TASK TO COMPLETE:
Print exactly what appears from the line containing "Mixed reaction over" through the final line of the data below, pictures excluded.
Start of SUPPLIED MATERIAL
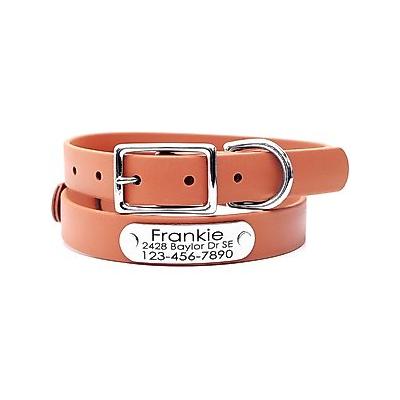 "Mimi Green Waterproof with Riveted Name Plate Dog Collar, Mesa, Large 3/4"""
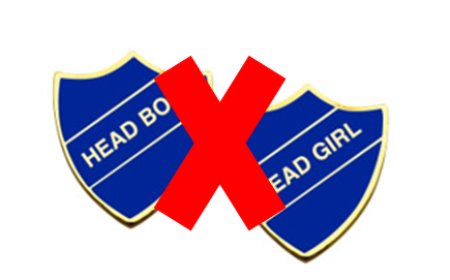 Mixed reaction over the “head boy and “head girl” concepts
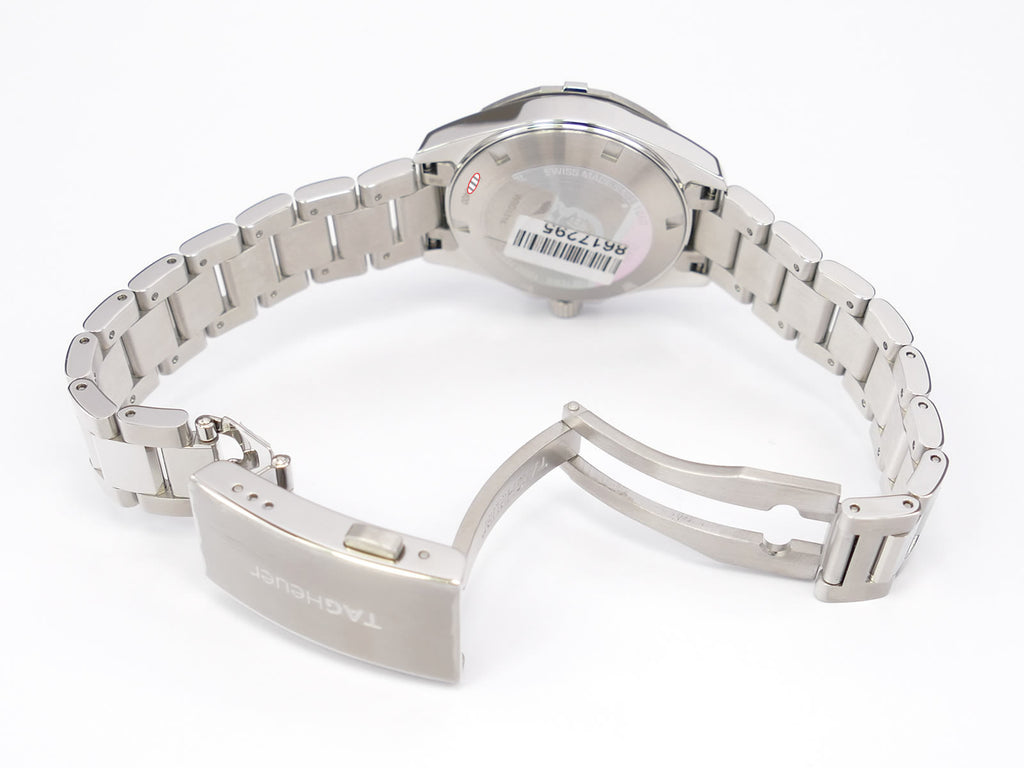 TAG Heuer Aquaracer WBD1314 stainless steel folding clasp with wet suit expansion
End of SUPPLIED MATERIAL
WRITTEN SOLUTION:
 Mixed reaction over the “head boy and “head girl” concepts
 TAG Heuer Aquaracer WBD1314 stainless steel folding clasp with wet suit expansion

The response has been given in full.